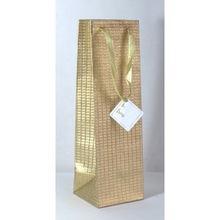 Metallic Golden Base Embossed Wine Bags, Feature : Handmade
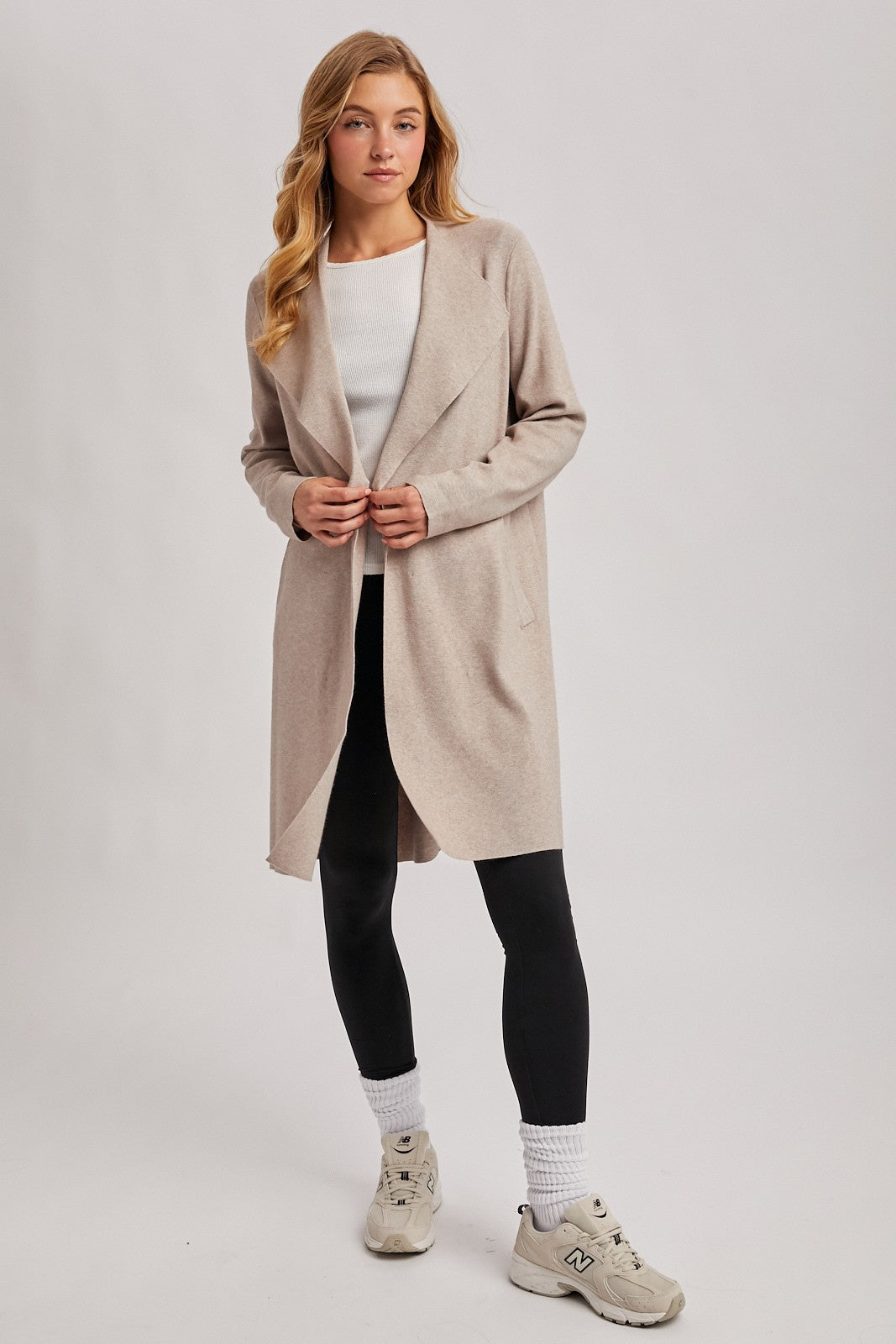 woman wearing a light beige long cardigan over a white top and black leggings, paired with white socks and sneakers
-*-*-
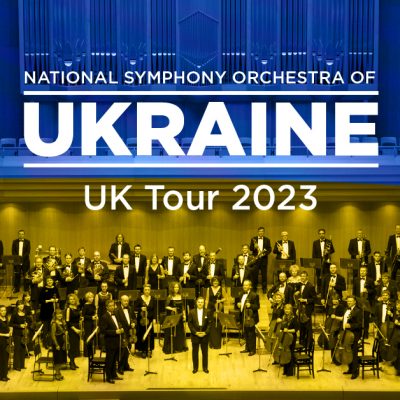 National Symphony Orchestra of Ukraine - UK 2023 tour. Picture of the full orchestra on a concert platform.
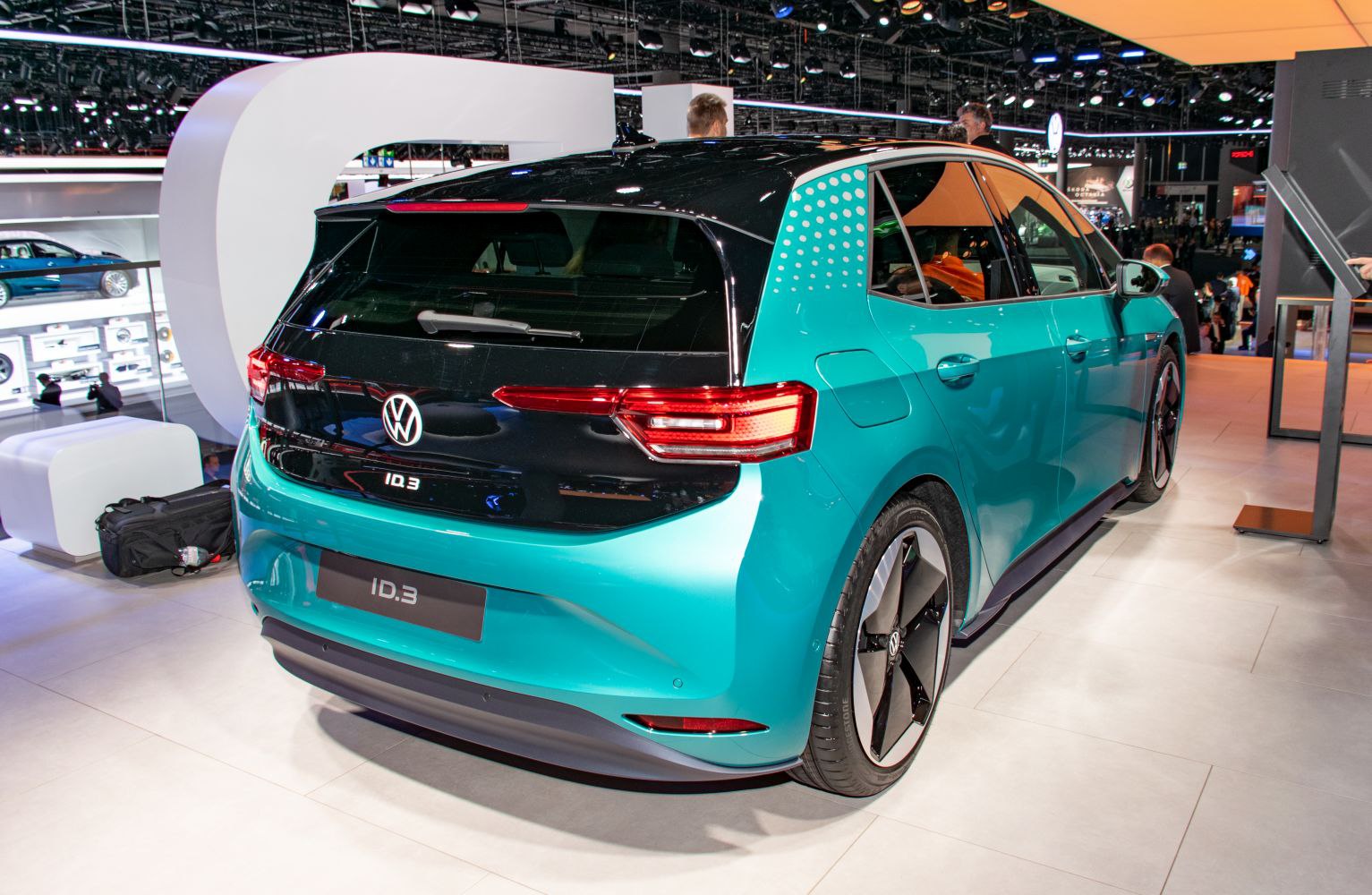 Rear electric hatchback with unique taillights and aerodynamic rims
-*-*-
*TASK ITEM:* Only one part of the listing is wanted: the lines from the one containing "Metallic Golden Base" through the one containing "woman wearing a", both included. Please transcribe it exactly, leaving out the pictures.

*WRITTEN REPLY:*
 Metallic Golden Base Embossed Wine Bags, Feature : Handmade
 woman wearing a light beige long cardigan over a white top and black leggings, paired with white socks and sneakers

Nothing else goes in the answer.